30 Firmen, darunter das Traditionsunternehmen Binné unterzeichnen einen offenen Brief und sagen: Die Innenstadt muss endlich entlastet werden.

Pinneberg. Thilo Binné erinnert sich noch daran, wie sein Vater ihm als Kind mit Blick vom Firmengelände über die Pinnauniederung gezeigt hatte, wo die Pinneberger Westumgehung verlaufen soll. Seit sage und schreibe mehr als 50 Jahren ist die Umgehungsstraße, die den Westring/LSE mit der Anschlussstelle Pinneberg-Nord an der A 23 verbinden soll, in Planung. Thilo Binné, der inzwischen als Geschäftsführer mit Michael Binné in sechster Generation die Geschicke des Traditionsunternehmens leitet, will aktiv daran mitwirken, den Bau der Westumgehung endlich zu realisieren. Er gehört zu den führenden Vertretern von 30 Firmen, die einen offenen Brief der Initiative "Pinneberg - Westumgehung jetzt!" unterzeichnet haben. Darin heißt es als zentrale These: "Die Westumgehung ist eine Investition in die Zukunft unserer Stadt - die wichtigste Voraussetzung für weitere Entwicklung überhaupt."

Die Chefs des Großunternehmens mit Sitz an der Mühlenstraße, das bereits 1894 mit der Produktion von Dachpappe begonnen hatte, wissen ein Lied von den Folgen der Verkehrsengpässe in der Kreisstadt zu singen: Annähernd 30 Sattelzüge fahren täglich zu und von der Firma ab, rechnet Michael Binné vor. "Und alle diese Lkw fahren oder besser quälen sich durch die Innenstadt", ergänzt Thilo Binné. Abgesehen von unternehmerischen Nachteilen verweisen die Pinneberger auf die negativen Folgen für die Anwohner: "Die Straßen werden verstopft, es werden Lärm und Feinstaub produziert, die Anlieger der Mühlenstraße und des Thesdorfer Weges leiden unter dem Verkehr Richtung Autobahn."
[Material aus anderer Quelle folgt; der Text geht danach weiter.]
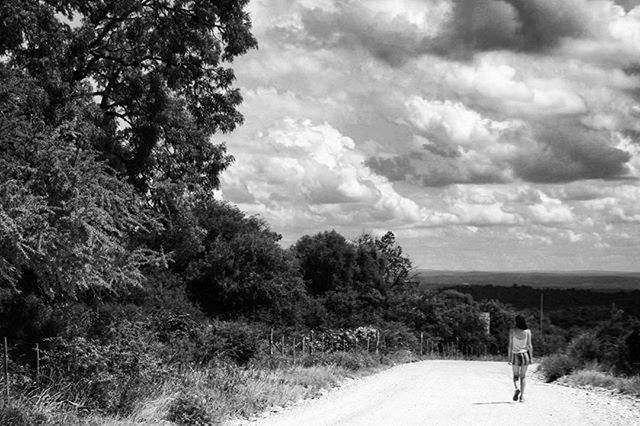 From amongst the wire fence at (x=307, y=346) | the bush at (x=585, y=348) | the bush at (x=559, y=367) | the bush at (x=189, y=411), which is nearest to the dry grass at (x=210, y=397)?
the bush at (x=189, y=411)

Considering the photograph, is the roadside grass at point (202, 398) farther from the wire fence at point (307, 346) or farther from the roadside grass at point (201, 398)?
the wire fence at point (307, 346)

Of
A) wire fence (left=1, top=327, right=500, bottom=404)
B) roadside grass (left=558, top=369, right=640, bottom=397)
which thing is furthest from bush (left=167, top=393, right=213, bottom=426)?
roadside grass (left=558, top=369, right=640, bottom=397)

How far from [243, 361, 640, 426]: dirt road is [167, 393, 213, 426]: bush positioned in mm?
950

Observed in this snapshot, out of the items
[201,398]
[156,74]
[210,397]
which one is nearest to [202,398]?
[201,398]

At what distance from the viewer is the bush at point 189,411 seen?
12.2 meters

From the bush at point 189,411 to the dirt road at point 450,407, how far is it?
37.4 inches

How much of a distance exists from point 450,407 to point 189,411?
5504mm

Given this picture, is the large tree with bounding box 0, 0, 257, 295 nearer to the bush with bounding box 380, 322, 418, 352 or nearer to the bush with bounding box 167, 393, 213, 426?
the bush with bounding box 167, 393, 213, 426

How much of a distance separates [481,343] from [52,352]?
75.4m

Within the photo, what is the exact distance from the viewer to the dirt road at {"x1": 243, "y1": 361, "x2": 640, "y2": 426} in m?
13.2

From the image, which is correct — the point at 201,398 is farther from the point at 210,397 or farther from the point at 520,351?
the point at 520,351

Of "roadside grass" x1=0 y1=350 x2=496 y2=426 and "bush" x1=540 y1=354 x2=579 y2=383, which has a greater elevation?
"roadside grass" x1=0 y1=350 x2=496 y2=426

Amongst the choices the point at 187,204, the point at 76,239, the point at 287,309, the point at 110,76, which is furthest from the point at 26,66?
the point at 287,309

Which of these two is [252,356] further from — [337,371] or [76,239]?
[76,239] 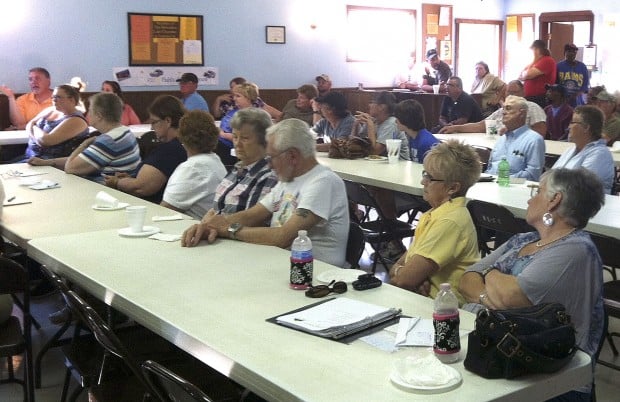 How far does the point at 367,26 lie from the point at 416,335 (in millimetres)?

Die Unternehmer wollen es nicht beim Offenen Brief belassen, den unter anderem namhafte Firmen wie Fahnenfleck, Tempelmann und Harms Mineralöle unterschrieben haben. Thilo und Michael Binné wollen auf Unternehmerebene das Gespräch mit den Kollegen suchen, die gegen den Anfang 2010 gefassten Planfeststellungsbeschluss zum Bau der drei Kilometer langen Umgehungsstraße geklagt hatten. Nach Informationen des Abendblatts handelt es sich, zusammen mit dem Bund für Umwelt und Naturschutz, um mehrere an der Industrie- und an der Siemensstraße ansässige Firmen. "Diese Firmen haben eventuell zunächst Kosten zu tragen, aber insgesamt profitieren wir Unternehmen alle von der Westumgehung", sagt Michael Binné.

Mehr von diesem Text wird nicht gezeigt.